Anyway I wish you luck if you do get a tag. Spot stock is not easy and I personaly have more respect for a guy who can get one spot and stock rather then using hounds. In all the years Ive tried it I have seen two cats. One I let walk because it had a collar the other one I was to far away and new it would be gone before I could get to it. But About 1out of 2 years that I don't have a tag in my hand I will see one. I think alot is just being in the right place at the right time and if you are in an area with alot of sign your odds will go way up.
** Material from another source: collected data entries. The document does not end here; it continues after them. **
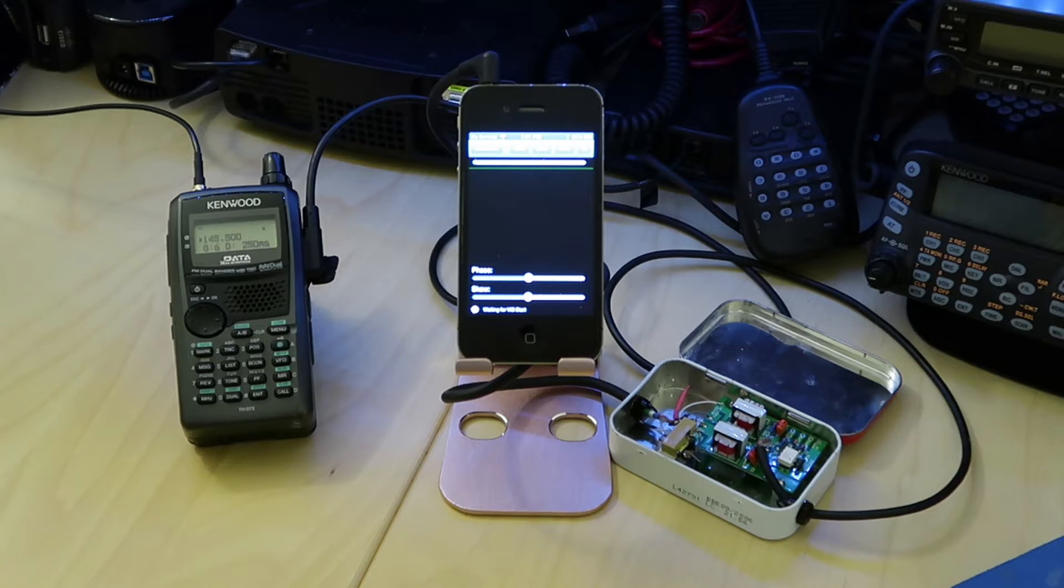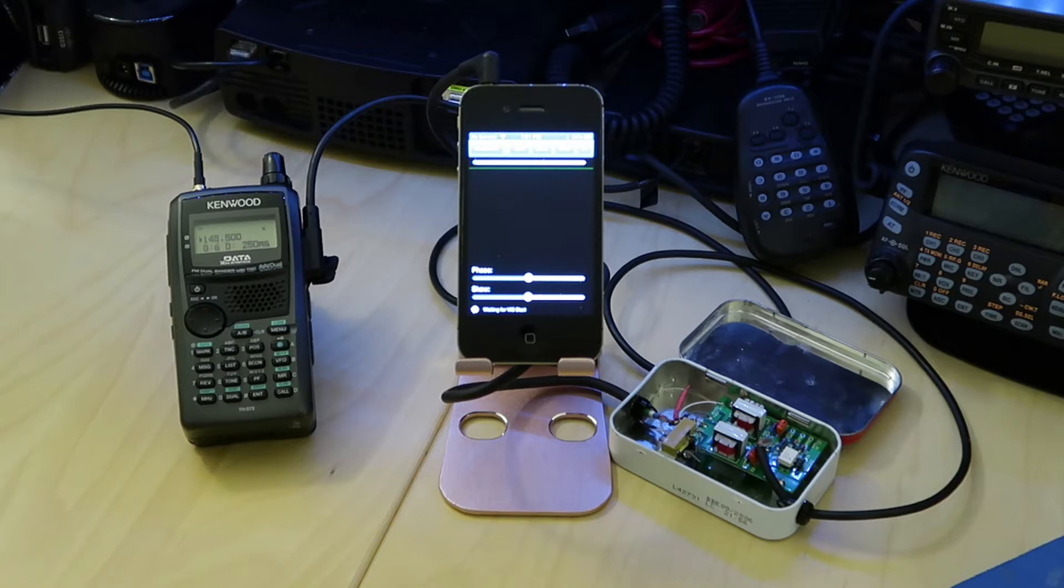Second, we have the Kenwood THD72 radio. It doesn't have to be this particular radio, but it's just convenient that what I currently have. And lastly, it's the easy digi board there.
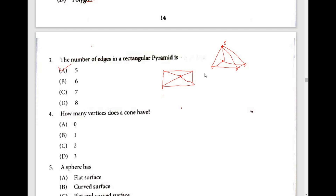How many vertices does a cone have? Here is a cone shape — it has a full curved surface. So one vertex is the cone's tip. So the fourth answer is option B, one vertex.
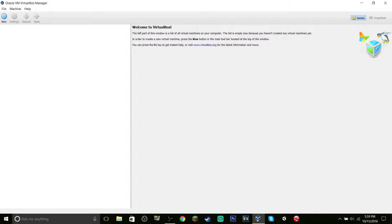Hello people, welcome back to another video. Today I'm going to be showing you how to install MS-DOS 7.1 in VirtualBox. This video is inspired by 'Everything You Can' — all the social media links will be in the description. The link to the ISO will also be in the description, along with the passwords you'll need to extract the WinRAR files. So without further ado, let's get right into this tutorial.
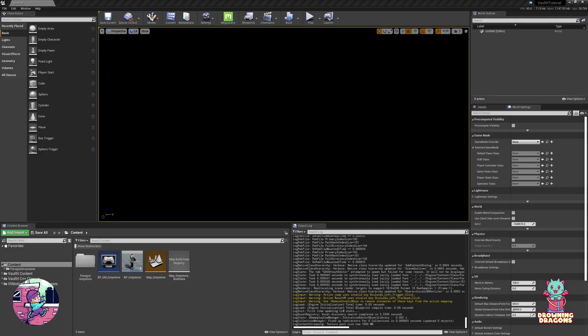Welcome to the Animation Setup Tutorial for Vault It. We're carrying on from the Character Setup Tutorial.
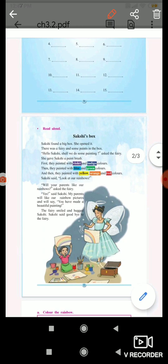She gave Sakshi a paintbrush. First they painted with violet and indigo colors, then they painted with blue and green colors.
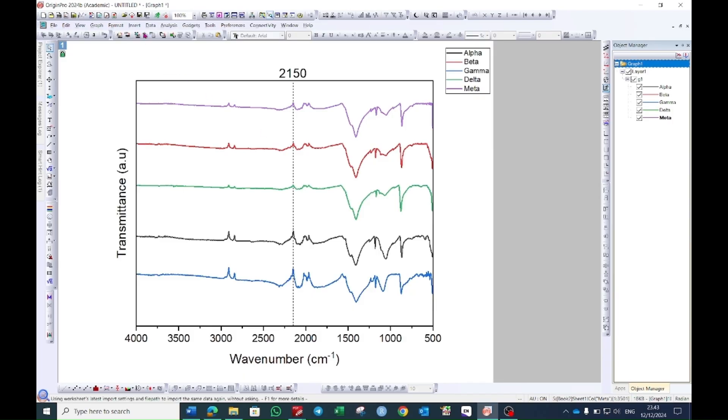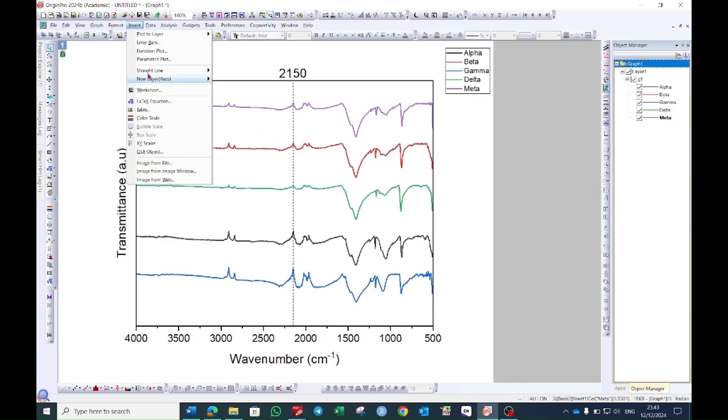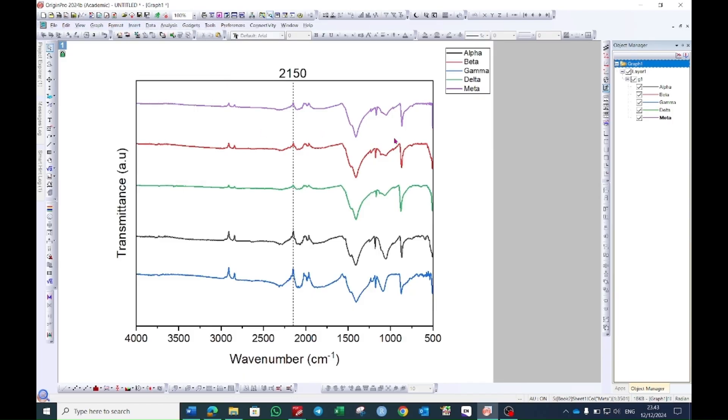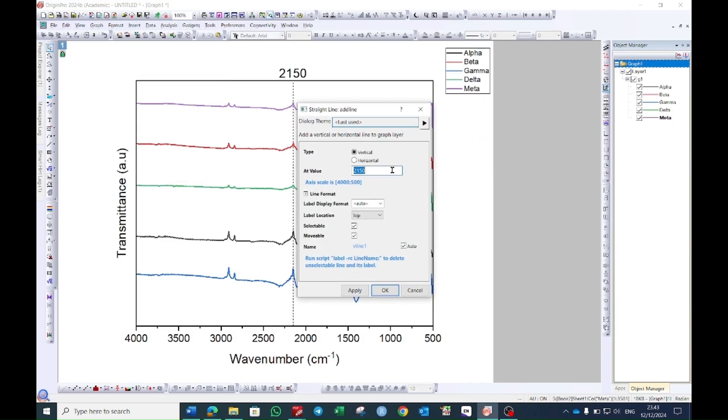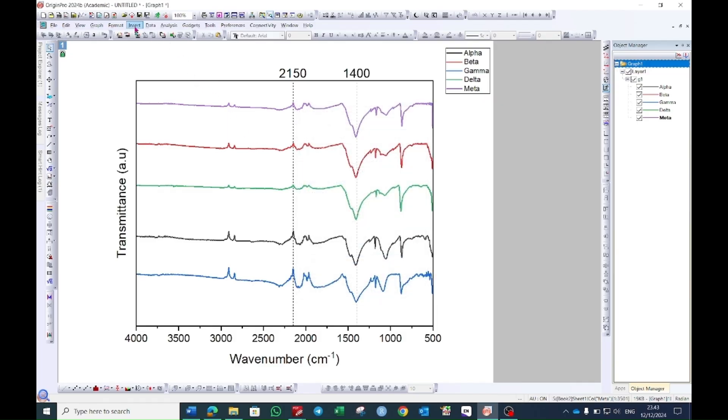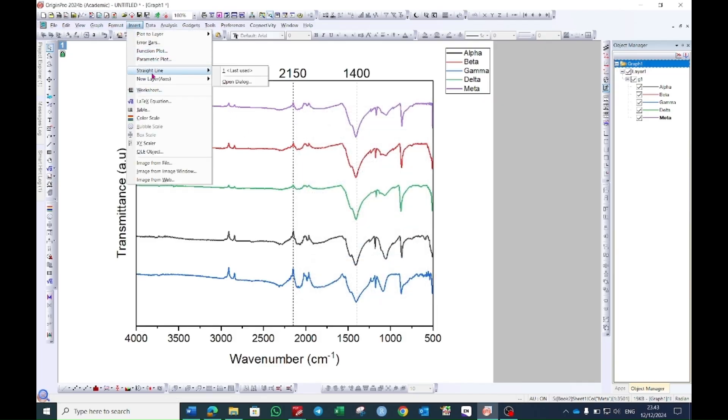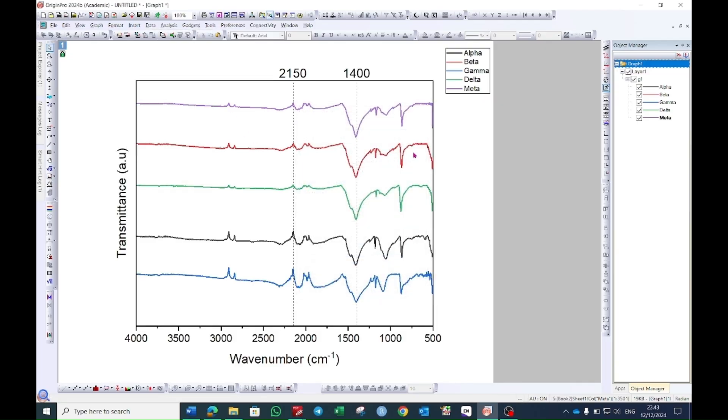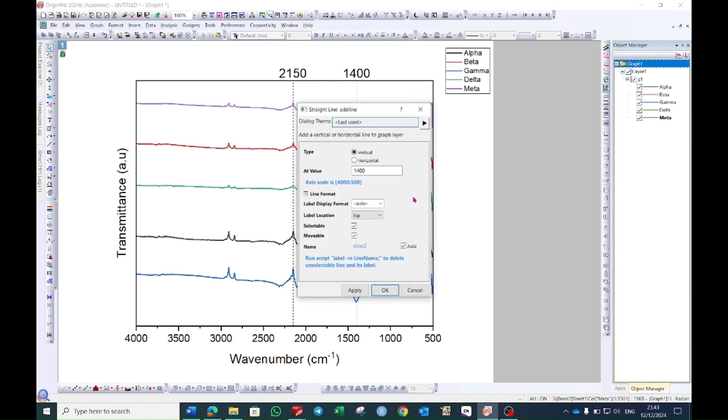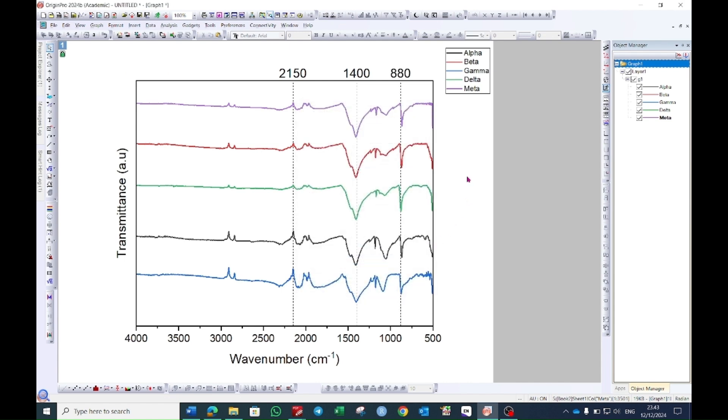I also want to show two more peaks. For example at 1400 and at let's say 880. By doing so you can select as many peaks as you want.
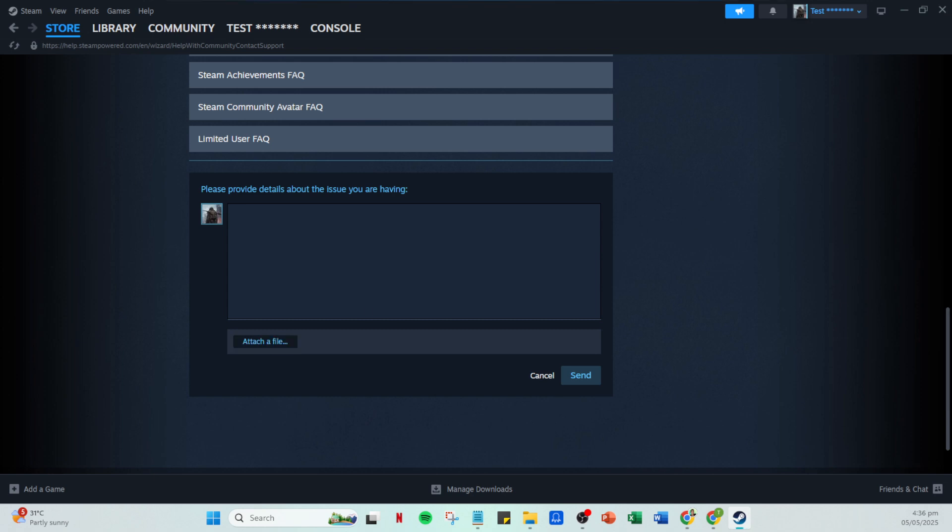Once you've articulated your problem, review it to ensure all necessary details are included, and then finally click the send button. And there you have it. You've successfully submitted a Steam support ticket. Now, all that's left to do is wait for a response from the support team, which should hopefully resolve your issue at hand.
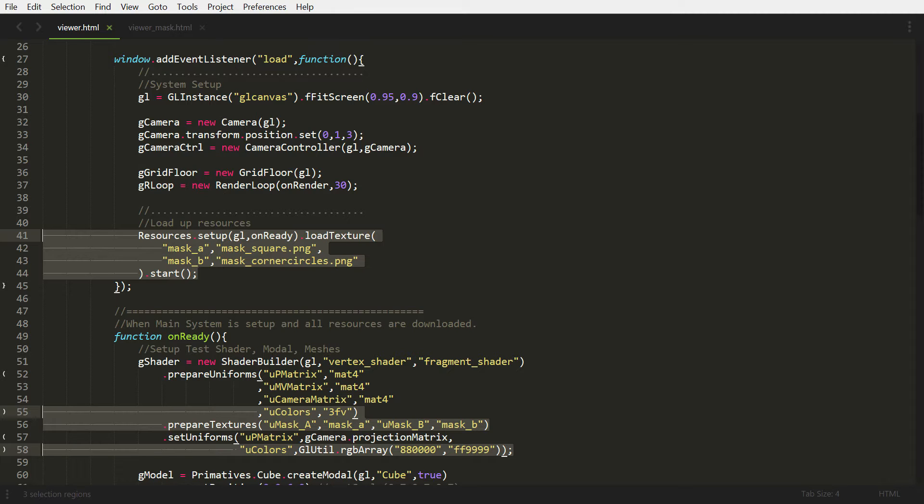So that's what we're doing here. On line 55, we're setting up our uniforms. We're passing in new colors. U colors is an array. We're going to just pass in two sets of colors. Then line 56, we prepare our textures. We use the shader name, then the name that we have saved in our cache when we loaded it up.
GOOD LUCK!


----------



## Dukes_Daddy (Nov 14, 2008)

Study cats around the neighborhood.


----------



## annieks (Dec 8, 2009)

I checked into a campground in Salina, Utah, this afternoon. Took my dog out for a walk, and looked across a field - I saw a very large black cat-like creature with a long tail walking - slinking better describes it - along a fence line. So I went inside and got out my laptop and googled "panther" and then "cougar" then tried "Utah Wildlife". I think I saw one, a black cougar! Odd that such a creature would be so close to a populated area, and a main highway - I-70.


----------



## Kevin D (Sep 15, 2007)

annieks said:


> I checked into a campground in Salina, Utah, this afternoon. Took my dog out for a walk, and looked across a field - I saw a very large black cat-like creature with a long tail walking - slinking better describes it - along a fence line. So I went inside and got out my laptop and googled "panther" and then "cougar" then tried "Utah Wildlife". I think I saw one, a black cougar! Odd that such a creature would be so close to a populated area, and a main highway - I-70.


I hope you managed to capture the black cougar on film, because it has never been proved that they even exist. Jaguars are known to have a black color phase, but not cougars. In the hundreds of years since North America has been settled, no physical evidence exists suggesting they are anything more than products of overactive imaginations. Sorry.


----------